In his paper 'On the Electrodynamics of Moving Bodies' (published in 1905), Einstein derives his theory by considering the propagation of a light signal in two different reference frames, each of which being defined by its own set of detectors (stop-watches) that should serve to define the locations (and thus the speed of light) in each frame. Two different sets of detectors would indeed by necessary if the speed of light is invariant in each reference frame, but Einstein then suddenly makes the assumption that he doesn't need the second set of detectors, but can obtain the location in the primed frame by using the location in the unprimed frame and projecting this into the primed frame by means of the Galilei transformation x'=x-vt (note that here x' is not the variable x' in Einstein's 1905 paper but the transformed coordinate (which he denotes as ξ)). This however corresponds to the usual concept of 'speed' which can not be applied to light (this is for instance immediately apparent from the example in the box below). Half aware that this obviously would lead to an inconsistency with the principle of the invariance of c, he then decides to multiply the right hand side of the equation by an ad-hoc factor γ, i.e. x'=γ.(x-vt), such that the equation is formally valid again. The rest of his derivation is then devoted to determining this ad-hoc factor γ for this so called 'Lorentz transformation'. It should be obvious however that this procedure is no less mathematically flawed than having for instance the inconsistent 'equation' 1=2, multiplying the right hand side by a factor k , i.e. 1=k.2, and then saying that the equation is consistent for k=1/2 (in Einstein's case it becomes indeed 'consistent' for γ= 1/[1-(v/c)2] (after applying a further ad-hoc correction to the time t to complete his 'transformation')). It should be clear that such a re-definition of the original length and time units in is not only mathematically but also physically inconsistent as it essentially means that there is no basis for any measurement anymore (it is equivalent to using your own customized measuring stick when, let's say, a certain job requires you to be 180cm tall but you measure only 150cm; you can re-scale your measuring units so that it shows 180cm, but it is obvious that this is an incorrect and illegal procedure).

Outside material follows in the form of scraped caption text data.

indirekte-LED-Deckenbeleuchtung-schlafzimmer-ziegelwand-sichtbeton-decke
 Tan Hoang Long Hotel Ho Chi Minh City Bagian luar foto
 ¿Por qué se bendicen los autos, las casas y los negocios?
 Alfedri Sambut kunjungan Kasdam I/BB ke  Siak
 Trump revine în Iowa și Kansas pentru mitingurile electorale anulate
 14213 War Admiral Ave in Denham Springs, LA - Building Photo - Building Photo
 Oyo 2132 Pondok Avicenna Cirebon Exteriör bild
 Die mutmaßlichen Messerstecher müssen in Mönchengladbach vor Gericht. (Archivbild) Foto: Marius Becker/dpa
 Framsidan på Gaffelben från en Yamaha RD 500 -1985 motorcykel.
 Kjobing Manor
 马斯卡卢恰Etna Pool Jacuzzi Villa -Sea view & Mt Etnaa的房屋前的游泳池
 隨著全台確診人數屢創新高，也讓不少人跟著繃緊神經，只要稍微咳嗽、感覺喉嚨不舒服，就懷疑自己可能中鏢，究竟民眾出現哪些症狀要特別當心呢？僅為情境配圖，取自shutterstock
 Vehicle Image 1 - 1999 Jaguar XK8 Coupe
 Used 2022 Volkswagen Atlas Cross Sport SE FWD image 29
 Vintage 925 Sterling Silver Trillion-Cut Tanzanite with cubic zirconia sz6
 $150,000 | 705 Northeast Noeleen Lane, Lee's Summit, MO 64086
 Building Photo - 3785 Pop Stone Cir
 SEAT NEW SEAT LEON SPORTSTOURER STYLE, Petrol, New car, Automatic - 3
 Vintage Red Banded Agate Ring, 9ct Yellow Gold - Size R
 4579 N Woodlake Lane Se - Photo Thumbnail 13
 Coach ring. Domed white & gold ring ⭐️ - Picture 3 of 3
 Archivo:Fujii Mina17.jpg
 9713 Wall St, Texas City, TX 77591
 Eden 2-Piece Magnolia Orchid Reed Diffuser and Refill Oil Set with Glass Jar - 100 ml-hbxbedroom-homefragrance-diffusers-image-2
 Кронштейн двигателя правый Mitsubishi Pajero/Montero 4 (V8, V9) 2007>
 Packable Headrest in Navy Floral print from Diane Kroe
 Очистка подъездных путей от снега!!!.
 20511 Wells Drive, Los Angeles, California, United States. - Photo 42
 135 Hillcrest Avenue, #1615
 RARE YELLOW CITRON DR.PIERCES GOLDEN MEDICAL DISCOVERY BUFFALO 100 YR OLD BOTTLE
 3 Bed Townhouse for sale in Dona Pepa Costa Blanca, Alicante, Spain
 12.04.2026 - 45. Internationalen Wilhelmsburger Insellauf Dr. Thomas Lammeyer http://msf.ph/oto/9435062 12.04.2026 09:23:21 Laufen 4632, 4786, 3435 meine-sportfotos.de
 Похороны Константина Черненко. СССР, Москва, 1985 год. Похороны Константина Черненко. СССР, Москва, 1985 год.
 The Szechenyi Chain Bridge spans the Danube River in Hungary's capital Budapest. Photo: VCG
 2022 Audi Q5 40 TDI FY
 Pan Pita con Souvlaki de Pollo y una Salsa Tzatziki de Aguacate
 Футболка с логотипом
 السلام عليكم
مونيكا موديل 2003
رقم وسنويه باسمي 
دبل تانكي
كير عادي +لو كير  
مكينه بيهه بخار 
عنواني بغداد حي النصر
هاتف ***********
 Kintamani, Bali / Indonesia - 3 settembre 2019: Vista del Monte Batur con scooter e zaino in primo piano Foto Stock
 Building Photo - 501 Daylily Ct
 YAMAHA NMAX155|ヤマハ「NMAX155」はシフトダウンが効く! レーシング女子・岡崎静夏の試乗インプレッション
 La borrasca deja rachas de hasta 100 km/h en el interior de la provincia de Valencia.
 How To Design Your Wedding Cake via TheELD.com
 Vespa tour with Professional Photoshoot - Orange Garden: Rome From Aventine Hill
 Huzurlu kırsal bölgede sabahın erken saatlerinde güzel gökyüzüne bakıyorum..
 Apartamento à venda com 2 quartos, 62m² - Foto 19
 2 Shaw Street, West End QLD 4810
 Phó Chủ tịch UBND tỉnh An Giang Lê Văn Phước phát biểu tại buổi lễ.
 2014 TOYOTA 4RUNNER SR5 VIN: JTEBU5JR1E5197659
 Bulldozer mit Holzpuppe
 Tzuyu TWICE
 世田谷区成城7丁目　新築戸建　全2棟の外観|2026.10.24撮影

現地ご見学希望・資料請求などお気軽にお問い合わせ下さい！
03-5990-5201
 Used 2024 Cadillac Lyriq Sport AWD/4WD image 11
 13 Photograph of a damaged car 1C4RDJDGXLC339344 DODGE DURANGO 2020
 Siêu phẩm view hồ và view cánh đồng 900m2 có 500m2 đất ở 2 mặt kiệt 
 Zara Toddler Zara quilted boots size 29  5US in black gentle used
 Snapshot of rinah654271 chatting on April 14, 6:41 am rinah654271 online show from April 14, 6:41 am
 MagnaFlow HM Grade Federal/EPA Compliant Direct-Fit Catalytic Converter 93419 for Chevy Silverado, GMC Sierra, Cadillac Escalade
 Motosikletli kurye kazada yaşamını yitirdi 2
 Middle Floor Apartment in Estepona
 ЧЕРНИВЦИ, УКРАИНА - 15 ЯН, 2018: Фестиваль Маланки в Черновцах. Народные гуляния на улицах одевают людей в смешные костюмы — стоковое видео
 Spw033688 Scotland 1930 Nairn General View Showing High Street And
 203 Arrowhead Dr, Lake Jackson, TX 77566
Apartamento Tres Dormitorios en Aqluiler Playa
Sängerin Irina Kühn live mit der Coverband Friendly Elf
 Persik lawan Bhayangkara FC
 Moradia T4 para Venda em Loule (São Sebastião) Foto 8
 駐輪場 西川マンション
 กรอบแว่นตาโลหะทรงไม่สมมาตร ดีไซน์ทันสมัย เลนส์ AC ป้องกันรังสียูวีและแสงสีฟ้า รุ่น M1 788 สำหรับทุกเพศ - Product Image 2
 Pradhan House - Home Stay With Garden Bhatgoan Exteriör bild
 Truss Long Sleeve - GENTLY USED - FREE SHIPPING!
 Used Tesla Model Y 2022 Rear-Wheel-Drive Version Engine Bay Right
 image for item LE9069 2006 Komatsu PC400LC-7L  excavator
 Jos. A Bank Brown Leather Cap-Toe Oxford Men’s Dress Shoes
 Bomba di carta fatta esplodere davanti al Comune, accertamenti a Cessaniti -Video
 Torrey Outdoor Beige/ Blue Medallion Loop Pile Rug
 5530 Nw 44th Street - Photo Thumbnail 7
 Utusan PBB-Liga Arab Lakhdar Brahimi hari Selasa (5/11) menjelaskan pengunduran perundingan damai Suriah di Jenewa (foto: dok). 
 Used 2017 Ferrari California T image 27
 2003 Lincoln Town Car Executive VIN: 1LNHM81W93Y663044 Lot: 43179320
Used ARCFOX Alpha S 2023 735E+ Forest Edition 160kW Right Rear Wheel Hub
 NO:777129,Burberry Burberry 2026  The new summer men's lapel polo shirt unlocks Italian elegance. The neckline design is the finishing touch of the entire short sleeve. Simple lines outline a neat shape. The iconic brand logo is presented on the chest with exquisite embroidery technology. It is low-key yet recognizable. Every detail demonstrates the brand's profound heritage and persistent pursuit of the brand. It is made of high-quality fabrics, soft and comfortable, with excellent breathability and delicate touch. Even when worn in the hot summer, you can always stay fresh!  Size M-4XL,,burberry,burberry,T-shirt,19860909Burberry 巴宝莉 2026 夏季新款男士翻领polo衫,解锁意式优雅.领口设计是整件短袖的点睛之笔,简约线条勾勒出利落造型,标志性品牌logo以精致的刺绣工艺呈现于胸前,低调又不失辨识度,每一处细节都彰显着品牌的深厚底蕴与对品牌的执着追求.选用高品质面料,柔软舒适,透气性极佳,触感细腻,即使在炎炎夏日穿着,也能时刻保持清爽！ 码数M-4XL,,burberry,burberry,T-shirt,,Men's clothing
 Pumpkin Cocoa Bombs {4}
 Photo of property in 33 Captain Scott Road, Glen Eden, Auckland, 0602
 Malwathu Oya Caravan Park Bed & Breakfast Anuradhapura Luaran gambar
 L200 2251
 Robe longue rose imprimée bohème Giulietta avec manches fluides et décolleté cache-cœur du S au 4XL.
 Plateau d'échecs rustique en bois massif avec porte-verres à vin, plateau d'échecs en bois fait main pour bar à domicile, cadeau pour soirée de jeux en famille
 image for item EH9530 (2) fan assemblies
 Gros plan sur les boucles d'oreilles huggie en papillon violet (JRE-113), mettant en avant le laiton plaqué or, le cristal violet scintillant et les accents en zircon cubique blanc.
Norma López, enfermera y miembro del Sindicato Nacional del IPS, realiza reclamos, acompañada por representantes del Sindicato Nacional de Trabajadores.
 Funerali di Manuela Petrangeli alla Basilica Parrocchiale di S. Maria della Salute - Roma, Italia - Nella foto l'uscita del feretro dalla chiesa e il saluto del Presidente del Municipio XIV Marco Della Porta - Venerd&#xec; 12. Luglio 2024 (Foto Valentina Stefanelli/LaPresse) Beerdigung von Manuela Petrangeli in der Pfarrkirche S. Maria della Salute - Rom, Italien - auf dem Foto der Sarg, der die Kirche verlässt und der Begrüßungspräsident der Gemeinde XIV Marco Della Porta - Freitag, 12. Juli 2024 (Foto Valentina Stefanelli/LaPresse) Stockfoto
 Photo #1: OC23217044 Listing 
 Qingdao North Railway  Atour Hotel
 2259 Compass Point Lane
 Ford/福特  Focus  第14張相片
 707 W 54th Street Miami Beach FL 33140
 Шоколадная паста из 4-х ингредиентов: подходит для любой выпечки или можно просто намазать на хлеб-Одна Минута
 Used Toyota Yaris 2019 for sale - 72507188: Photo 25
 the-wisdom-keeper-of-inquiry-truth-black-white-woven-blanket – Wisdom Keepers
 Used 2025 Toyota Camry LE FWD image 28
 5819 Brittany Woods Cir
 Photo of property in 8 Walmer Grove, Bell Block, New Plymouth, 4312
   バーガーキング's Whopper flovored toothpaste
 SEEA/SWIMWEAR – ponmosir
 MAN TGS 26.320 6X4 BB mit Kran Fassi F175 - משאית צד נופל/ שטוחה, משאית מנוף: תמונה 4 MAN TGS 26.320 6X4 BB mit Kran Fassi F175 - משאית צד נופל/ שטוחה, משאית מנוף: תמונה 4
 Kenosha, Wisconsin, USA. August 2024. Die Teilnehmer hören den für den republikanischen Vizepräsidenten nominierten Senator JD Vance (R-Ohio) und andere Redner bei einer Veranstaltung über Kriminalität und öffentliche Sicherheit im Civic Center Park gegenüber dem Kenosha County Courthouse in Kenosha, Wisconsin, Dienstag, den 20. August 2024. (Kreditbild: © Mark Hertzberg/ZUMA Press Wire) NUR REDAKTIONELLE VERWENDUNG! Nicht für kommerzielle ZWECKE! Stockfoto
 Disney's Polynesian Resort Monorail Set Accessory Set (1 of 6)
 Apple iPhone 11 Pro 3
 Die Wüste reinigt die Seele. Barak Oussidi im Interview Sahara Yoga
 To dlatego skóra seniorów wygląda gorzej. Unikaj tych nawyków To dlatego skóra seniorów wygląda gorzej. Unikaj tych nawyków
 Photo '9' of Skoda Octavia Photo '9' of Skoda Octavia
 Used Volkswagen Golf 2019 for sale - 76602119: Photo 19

I have given a stricter mathematical analysis of Einstein's 1905 derivation on my page Mathematical Flaws in Einstein's 'On the Electrodynamics of Moving Bodies'. Furthermore, I have also pointed out the inconsistencies in his later simple algebraic derivation which he published in his book 'Relativity: The Special and General Theory'.
It should be clear from all this that the conceptual and mathematical inconsistencies are not tied to a particular derivation of the Lorentz transformation, but are inherent to the logical contradiction of trying to apply the usual concept of speed (which implies that it is frame dependent) to light (which has a frame-independent 'speed').

To clarify the meaning of the invariance of the speed of light and the velocity dependence in the 'transformation' equation, consider first the propagation of a massive body e.g. a bullet fired from a gun (in the absence of any external forces). Assume you have a number of detectors distributed along the path of the bullet, each associated with a synchronized clock that is stopped when the bullet passes the detector at the particular location. Define furthermore the location of the first detector as x=0 and the time any other detector shows as the difference time t to this detector.

Now, as case (a), assume first the gun is resting with regard to the detectors when the bullet is fired. If you then go and have a look at what time each detector at a particular distance x is stopped, you will find the relationship x=ut, where u is the velocity of the bullet relative to the gun. Then, as case (b), assume the gun is receding from the detectors with velocity v. Again, if you go and have a look at what time the detector clocks at a particular distance were stopped, you will find the relationship x'=(u-v).t (where the primed quantity shall indicate that the corresponding location is associated with the moving gun).

Now do the same experiment not with a gun firing a bullet but a light pulse. Again, as case (a), assume first that the light gun is resting with regard to the detectors. If you check the clock times at the detectors, you will find the relationship x=ct (with c the speed of light). Now the question is what relationship between the locations and trigger times of the detectors will you observe if the light gun is receding from the detectors with velocity v (case(b))? This is were the principle of the invariance of c comes in. Let's assume that such a principle exists, which means that the trigger time at a given detector must be the same as in case (a), i.e. trivially we have x'=x=ct. So it is obvious that not only is there no further 'transformation' needed to find the coordinates of a light signal in case of a moving light source, but it would indeed logically contradict the invariance principle (which by itself provides already the coordinates).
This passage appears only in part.